======== MATERIAL FOR THE TASK ========

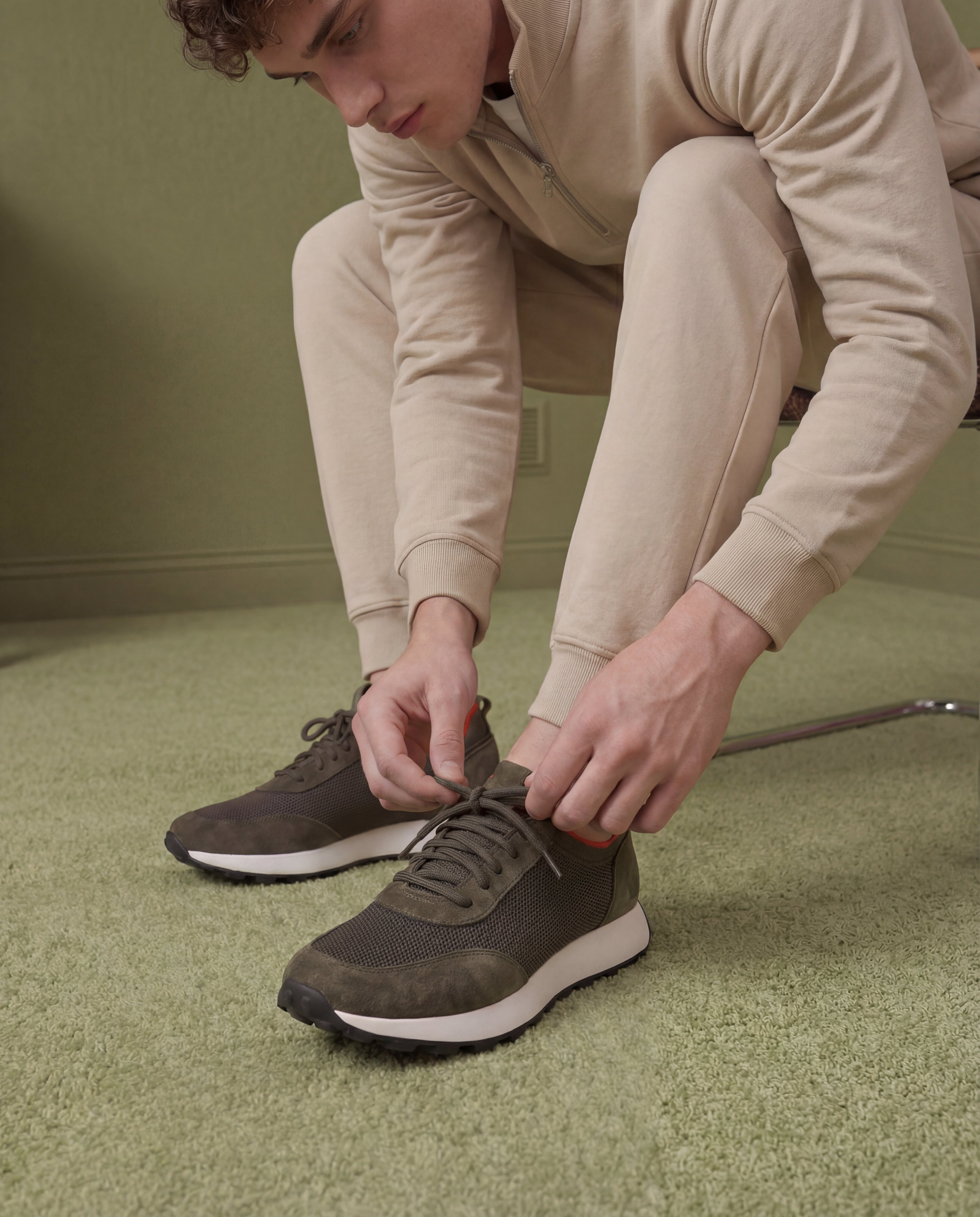 The Berlin Green Suede Leather Sneaker - Vinci Leather
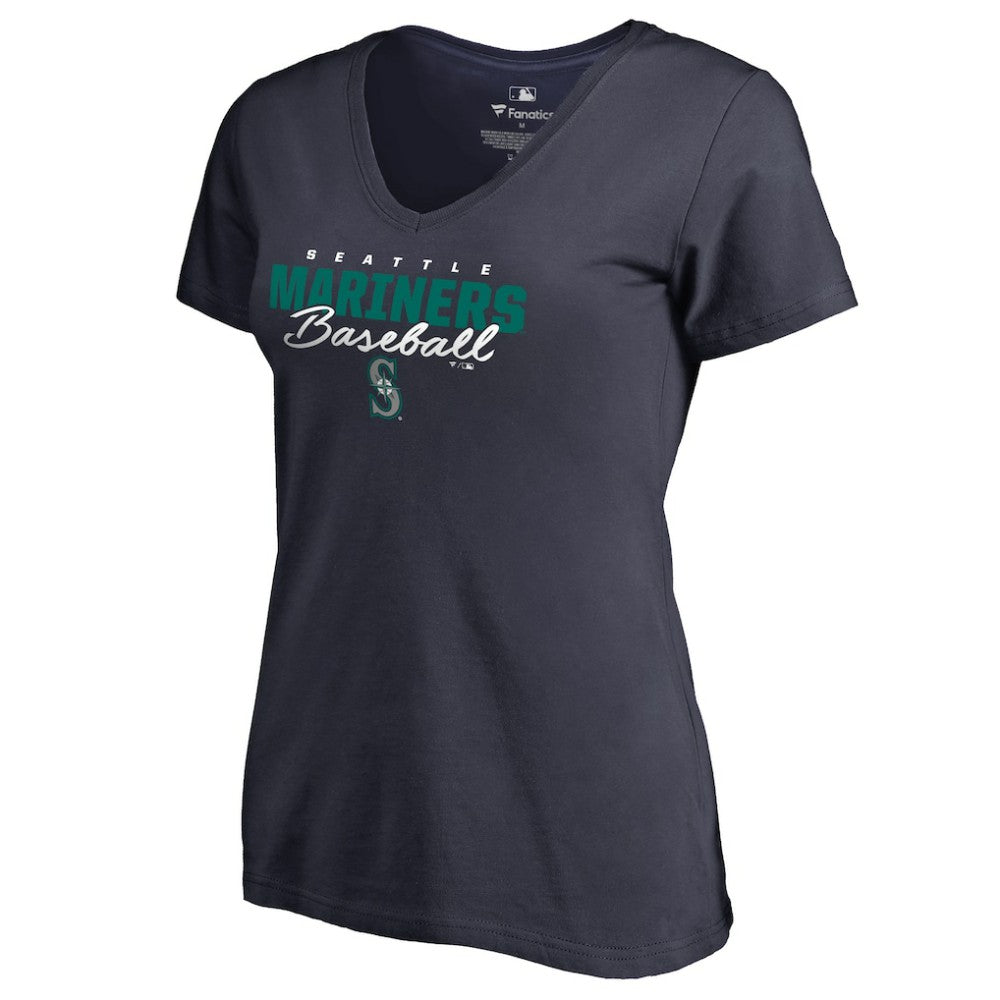 Seattle Mariners Women's Script Assist V-Neck T-Shirt - MLB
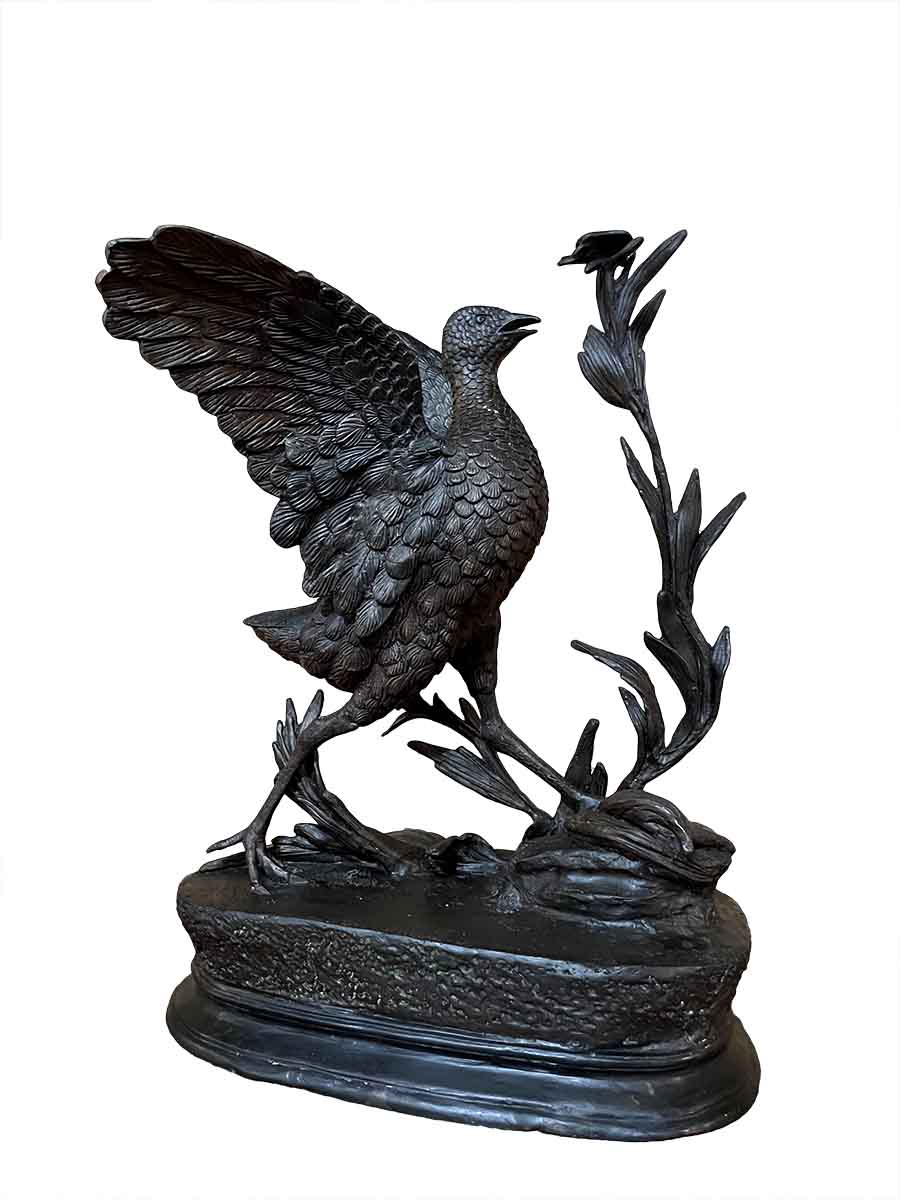 Pheasant on a Base Bronze Sculpture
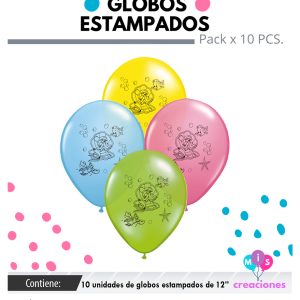 Globo De Latex Estampado La sirenita x 10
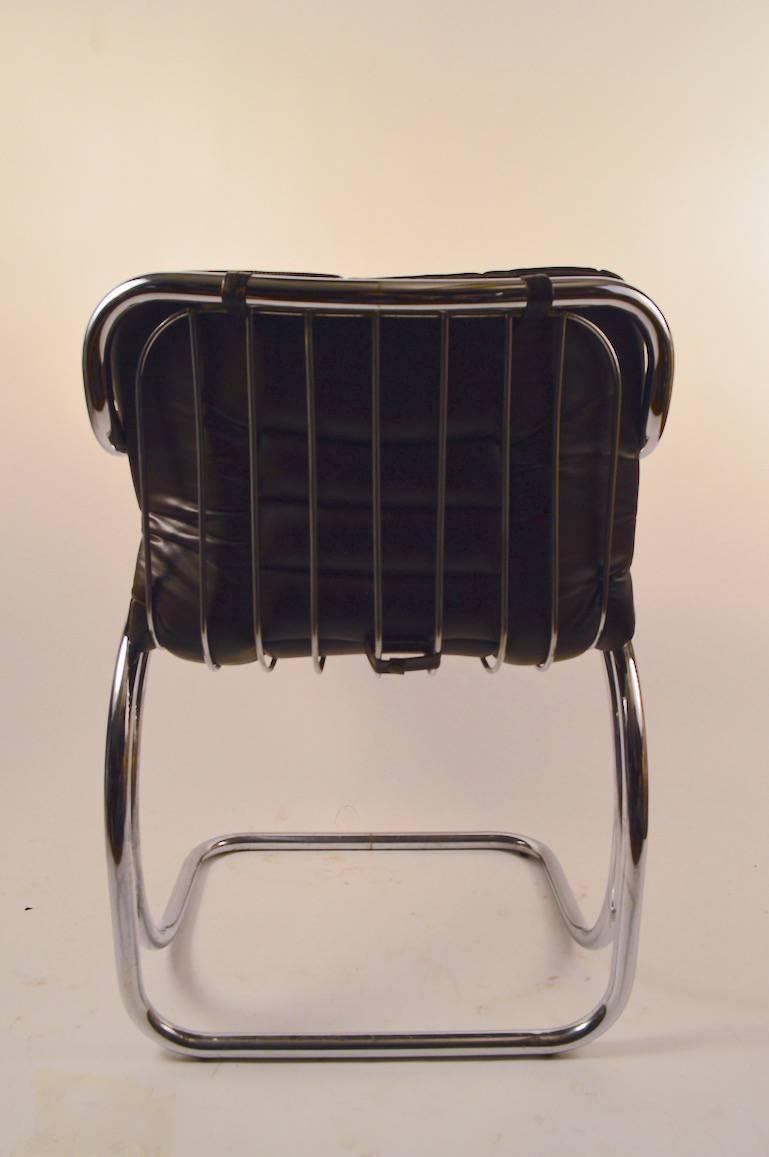 Mid-Century Modern Set of Four Tubular Chrome Dining Chairs
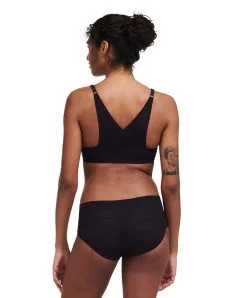 Bralette Avec Coques à Rayures Texturées Collection Soft Stretch Stripes Coloris Noir De Chez Chantelle Paris.  -SOUTIEN-GORGE Soldes Boutique Bralette paddee reglables Chantelle soft stretch stripes noir C20D10 011 506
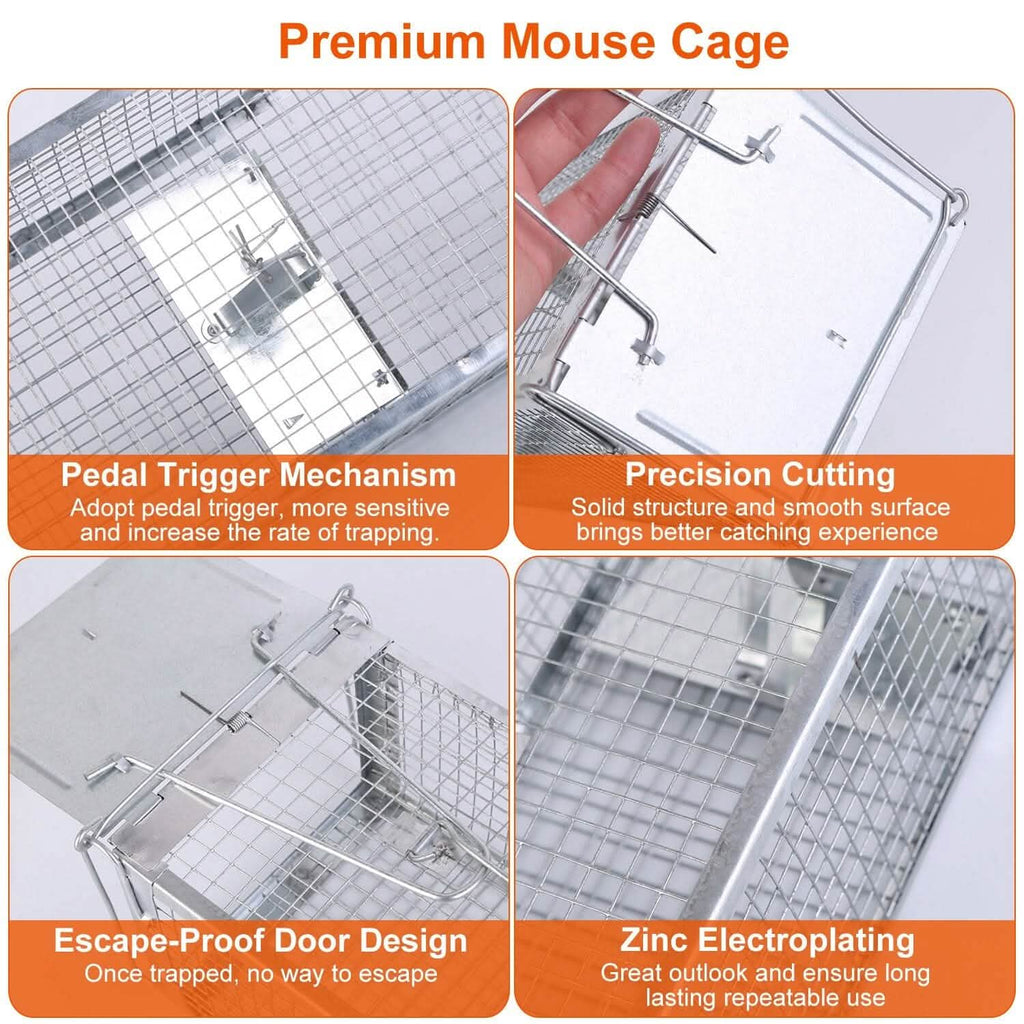 Dual Door Rat Trap Cage Humane with 2 Detachable U Shape Rod by DailySale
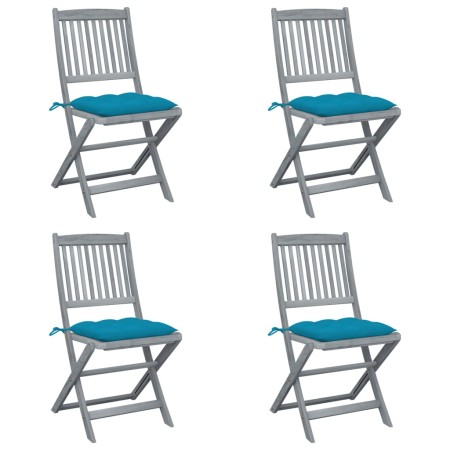 Klappbare Gartenstühle, 4 Stück, Kissen aus massivem Akazienholz von vidaXL, Gartenstühle - Ref: Foro24-3064582, Preis: 209,9...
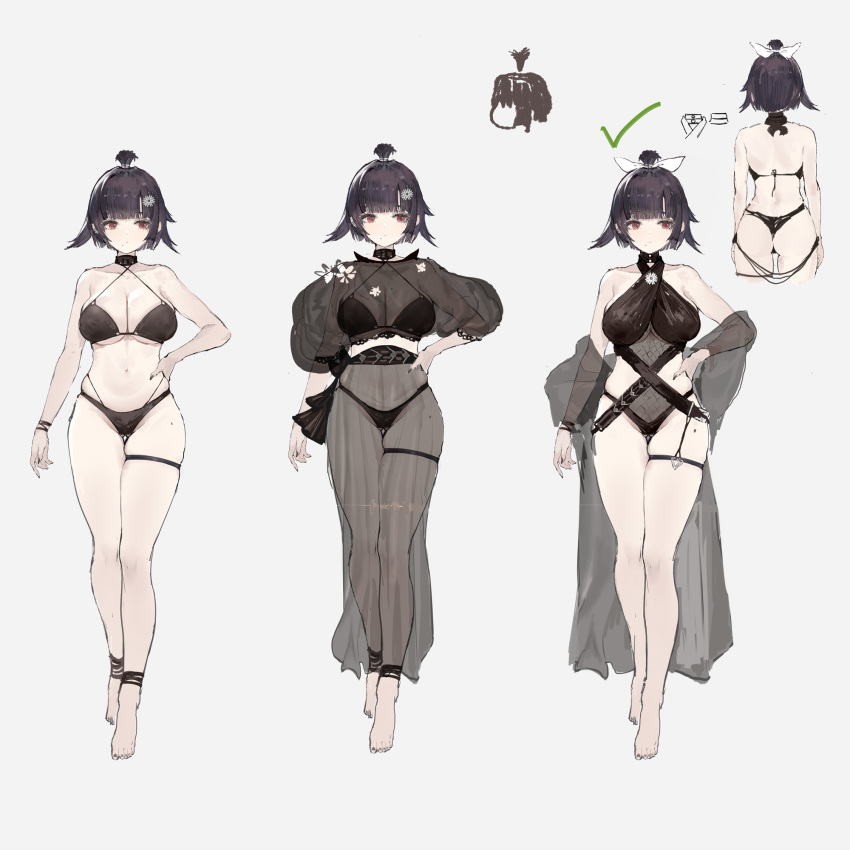 1girl ass bare_shoulders barefoot bikini black_swimsuit bow breasts cleavage commentary_request concept_art girls'_frontline girls'_frontline_neural_cloud grey_background hair_bow halterneck hand_on_hip highres large_breasts legs mole mole_on_thigh mole_under_mouth navel nora_(girls'_frontline_nc) official_alternate_costume prototype purple_hair red_eyes see-through short_hair simple_background skindentation swimsuit t_lege_d thigh_strap
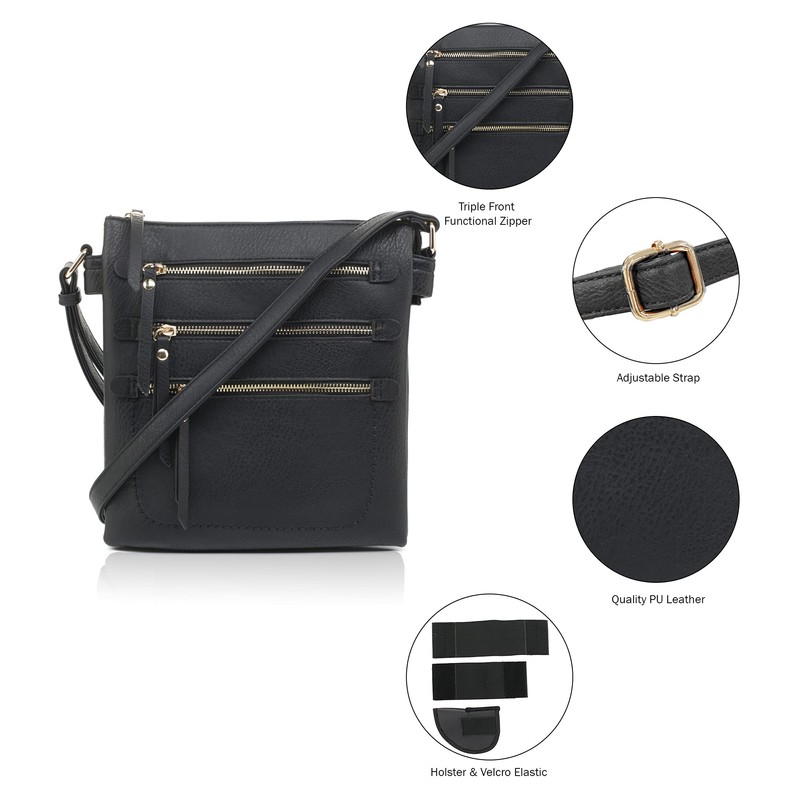 Double Compartment Multi-Zipper Triple Zip Pockets Concealed Carry Crossbody Bag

========

- [EXERCISE]: Pictures aside, print exactly the lines above starting with the one containing "Globo De Latex Estampado La sirenita x 10" and going on through the one containing "Mid-Century Modern Set".

- [ANSWER BOX]:
 Globo De Latex Estampado La sirenita x 10
 Mid-Century Modern Set of Four Tubular Chrome Dining Chairs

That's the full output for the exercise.